Arkansas Democrat-Gazette

EU extends Russian sanctions

Penalties go till July; future hazy as some members grumble

- MICHAEL BIRNBAUM

BRUSSELS — The European Union on Monday extended sanctions against Russia for six months, achieving unity among 28 member nations despite rising divisions over how long to press a major trading partner on its annexation of Crimea and fueling of a separatist war in Ukraine.

The decision, given preliminar­y approval by EU leaders last week and due to go into effect today, lengthens until next year a laundry list of economic measures against Russia.
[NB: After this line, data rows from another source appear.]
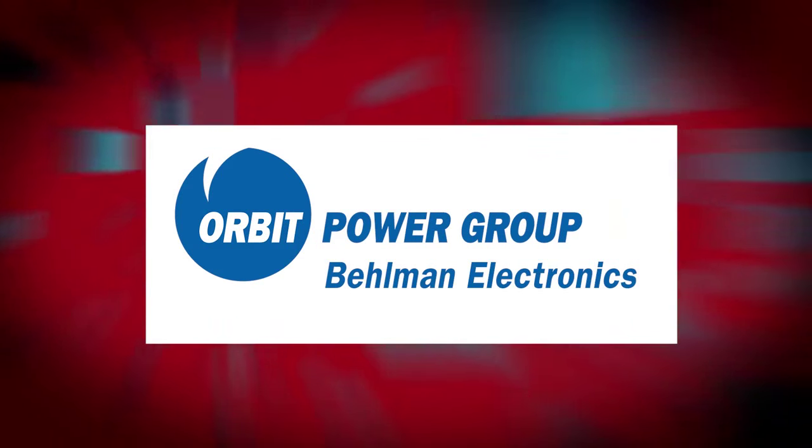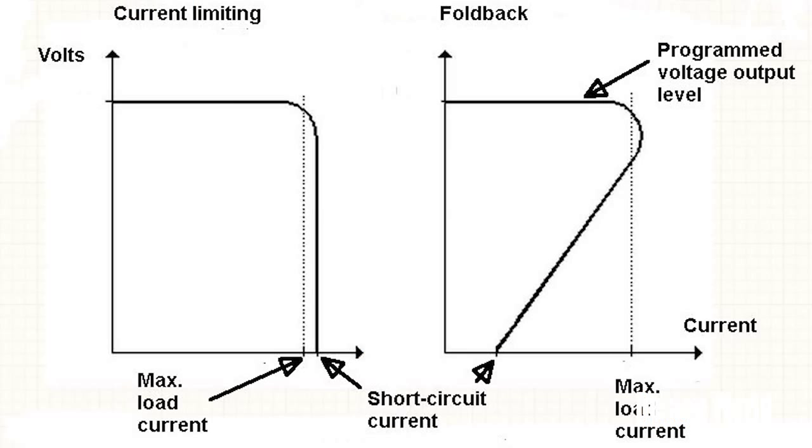Sponsored by Bellman Electronics. Hi, I'm Lee Teschler, Executive Editor of Design World. A lot of power supplies, both DC and AC, have what's called fold-back short circuit protection on their output.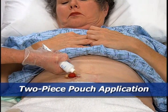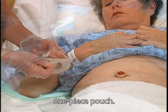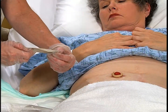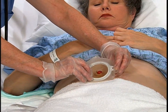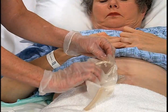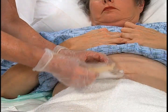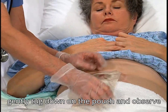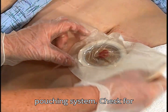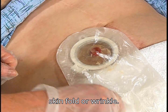For a two-piece pouching system, apply a barrier paste flange as you've just seen for the adhesive backing on a one-piece pouch. Then snap on the pouch. For either type of pouching system, gently tug down on the pouch and observe the integrity of the skin barrier and pouching system. Check for effluent tracking under the edges of the pouch, which may indicate a leak due to a skin fold or wrinkle.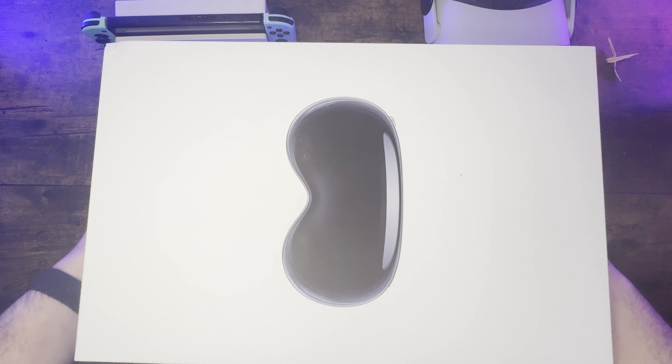In my hands, this box is really huge, a lot bigger than I thought considering the headset's smallest size. It's definitely bigger than the average New York City apartment, that's for sure.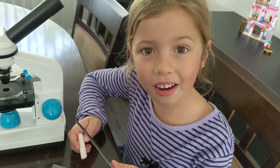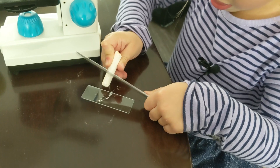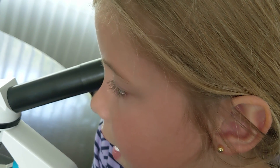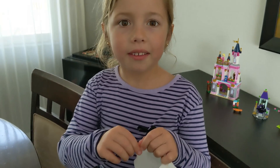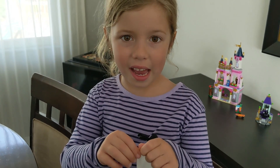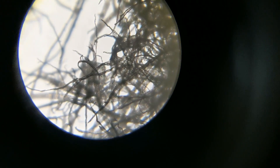We'll start with chalk. It looks like if you could see clouds at night. I'm going to tear the paper towel and look at the edge. I would say it looks like white veins. Now it looks more like tree branches.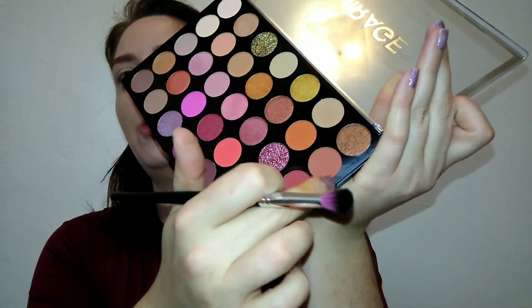To get started with this gingerbread spice look, I'm going to be going in with the Profusion Mirage palette. I already have foundation on, brows done, and my eyes are primed — I don't have any concealer on yet. I wanted something neutral; I already have a vision in my head, so I'm going to pick up this shade right here and put it in the crease.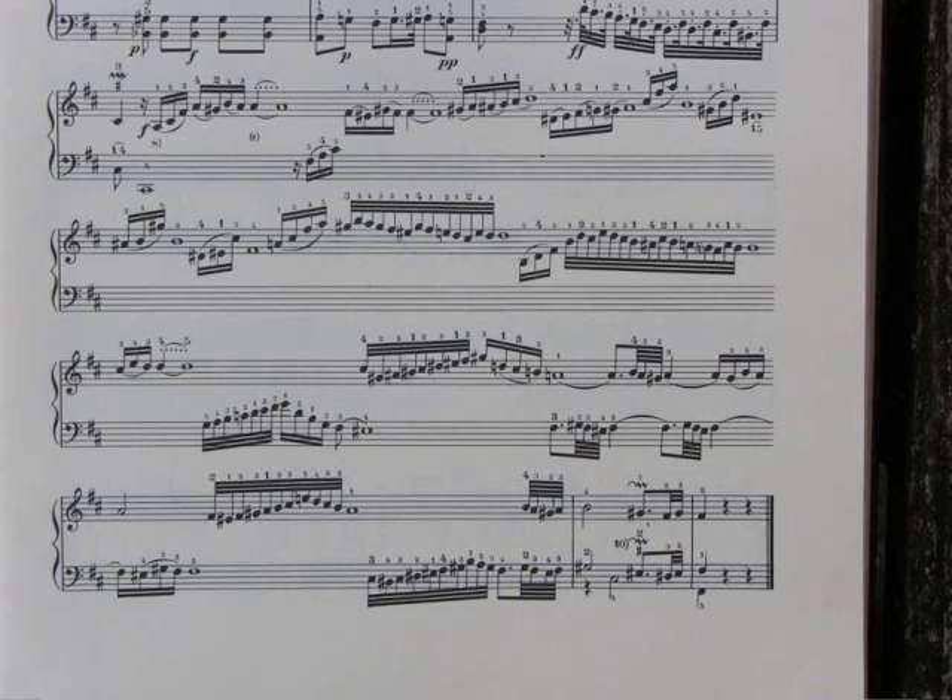I would like to play all the long notes with a vibrato, in this way.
In tandem with U.S. sanctions, the effort has contribute­d to a painful economic slowdown in Russia that will continue next year.

But amid growing grumbling from some European countries about the sanctions, their future beyond this renewal remains unclear.

The decision to extend the sanctions comes at the end of a difficult year for the European Union, which has faced triple crises with multiple terrorist attacks in Paris, the near exit of Greece from the euro zone in July and the refugee influx that is forcing nations to make difficult choices about their values. None of the problems seems likely to abate next year, leaving open the question whether Europe- an nations will continue to be able to hold together on the sanctions.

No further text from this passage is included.